Empire of Ashes: A Novel of Alexander the Great
Page 10
It was a big sword, and though he was short, Alexander had a strong arm. Yet it still took more than twenty blows to cut through the leather mass, and by the end the King was wide-eyed and sweaty and oblivious to the expressions of horror on the faces of the natives. With a look of accomplishment on his face that was as absurd as it was childish, he held up the two severed halves of the Knot. At that, the senior members of his staff clapped their hands, and with their glances made sure the junior officers followed, until all the Macedonians were applauding him.
It was an anxious moment, in fact, because the attitudes of the natives and foreigners to this sad spectacle were so different. But in the end the ones with the weapons prevailed, and the King basked in an ovation that seemed to go on forever. The celebration paused as a peal of thunder was heard above the temple. All at once the nervousness returned, and some even proceeded suddenly to jeer the King, believing that the gods had expressed their disapproval of what he had done. But Perdiccas leapt on a plinth and settled the issue.
“Zeus has thrown his thunderbolt! The new King of Asia is crowned!”
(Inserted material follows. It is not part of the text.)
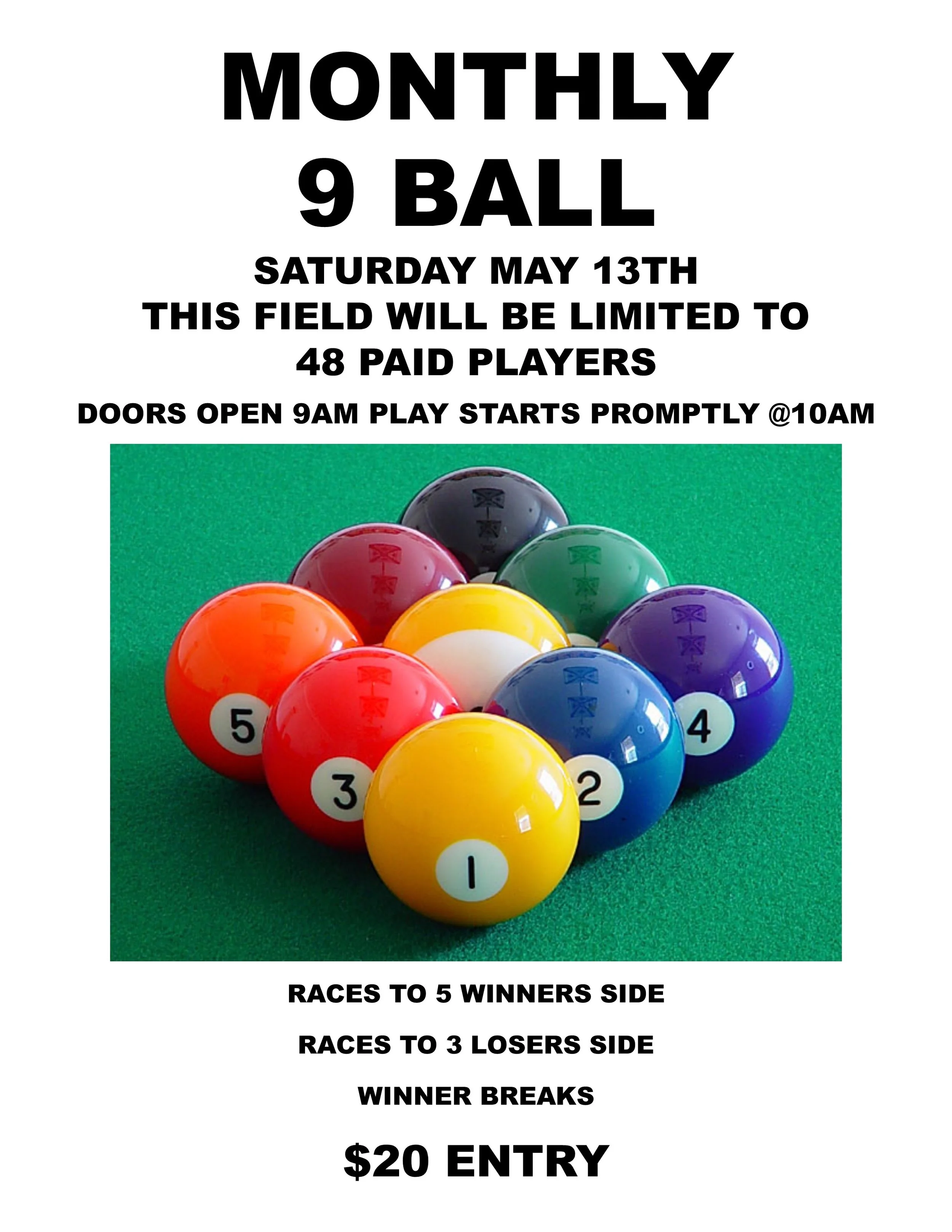 Monthly 9 Ball Tournament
All at once the pendulum swung from uncertainty back to servility. The soldiers ripped the ancient cart from its moorings, lifted Alexander inside, and rolled him around the sanctuary in triumph. As the temple emptied, I stayed behind to watch the head priest. The man knelt before the discarded halves of the Knot, threw the folds of his cloak over his head, and wept.
Despite Alexander’s “triumph,” there seemed an urgency to clear out of Gordion as soon as possible. The army prepared to move on to Ancyra, about twenty parasangs to the east. As we decamped, I noticed a tiny figure atop the great mound of King Midas. Coming closer, I saw it was Alexander, sitting up there with a wine jug and his sword stuck in the mound beside him. He hailed me as I came up to join him.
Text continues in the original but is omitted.